I am stuck wondering what's the point.  I have answered this question many times for other people.  But I can't seem to for myself. 

Why am I forcing myself to deal with health problems?  Why am I bothering with personal responsibilities?  Where is the joy?  The meaning?  The satisfaction?

Every time I feel like I've turned a corner, I end up circling back to my same fucked up place.  Or a similar one about ten feet over.

It's probably the migraine talking.  But if the migraines are that loud of a distraction, then what's the point?  

Also, I wrote some really great stuff in my head last night, but the bright screen of my phone (even turned all the way down with blue blockers on it) was not conducive to my emotional state.  So blah blah blah, fuck my life.

Sunday, August 27, 2017

gratitude?


I feel like an ungrateful asshole to complain about 5 days of migraine when I'm only being inflicted with a low pressure system and not a catastrophic category 4 hurricane.  At least I have a comfortable bed to cry in. And electricity to keep my ice pack cold.  And functional plumbing for all of my hurling needs.  Besides the fact that my home and belongings are intact.

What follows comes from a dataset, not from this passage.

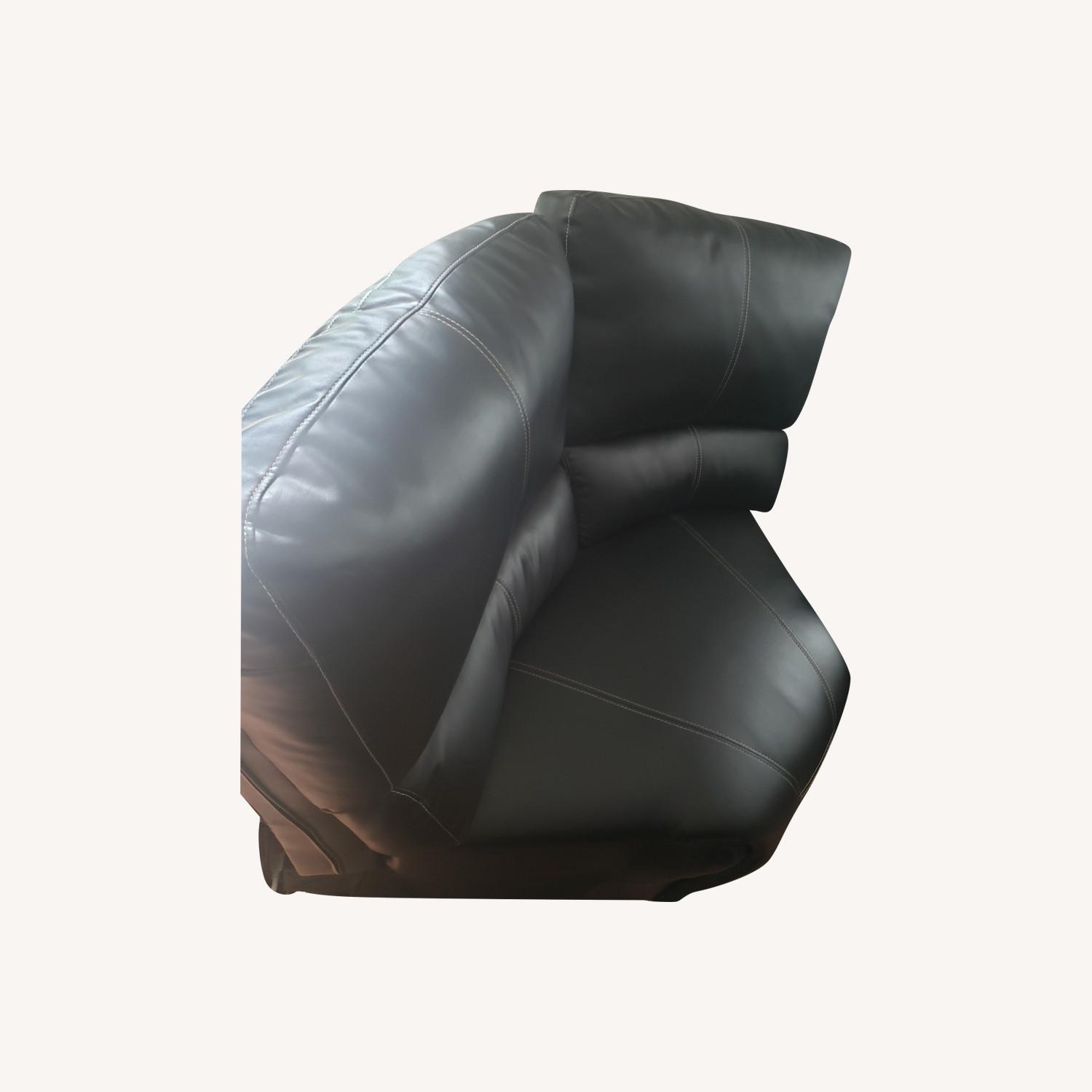 Corner Piece - image-0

I have a little mental clarity this morning after 4 doses of meds yesterday and a few hours of sleep.
 
But it's still there in the back.

Growling to be released.   Snapping at it's chain.  Spittle flying everywhere.  

I can close the door right now, and walk up a level.  I can barely hear it. Meds have temporarily tamped down the fear.

But that fucking monster is always lurking, waiting to strike.

Monday, August 21, 2017

where's the eclipse?


It wasn't as magical as I'd hoped.  I went to the local college to view the eclipse, which had been advertised as open to the public with telescopes, etc.

It was a clusterfuck -- crowded and insufficient planning.  They ran out of free cardboard glasses before it started.  They closed off the telescopes to all but about 20 people, out of the hundreds there.

I was able to borrow various people's glasses and view the sun's progress.  People were very friendly.  The clouds came out and rained on us for a few minutes, which should have cooled it off a little, but going from 90F (feels like 100F) down to 87F (feels like 96F) wasn't as cooling as one might hope.

On the plus side, I was super excited that so many people were interested in science.  All ages were there, from the very young to the elderly.

If I hadn't looked through the glasses and seen the sun being blocked out, I don't think I would have known anything different was happening.  It felt just as bright as usual.

Friday, August 18, 2017

crying is contagious


I had been trying to get in touch with a neighbor's contractor for damages done to my property by his crew.  I was getting nowhere and finally called the city inspector.  He didn't want to be put in the middle understandably but promised to have the contractor call me.

He knocked on my door, and I went outside, prepared to hear excuses.  He started with that, but then I threw a curve-ball and started crying.  I didn't mean to (I hate crying in front of people), but it's been a rough week/month/year/life.  He completely changed his tone and became more authentic.  And then he pitched that curve right back to me.  He started tearing up, too.  Life has been hard for many of us.

So there we were, standing on my front porch, sweating like animals, talking to each like compassionate people, and casually pushing away tears.

We are still negotiating a fair compromise, but I'm hopeful.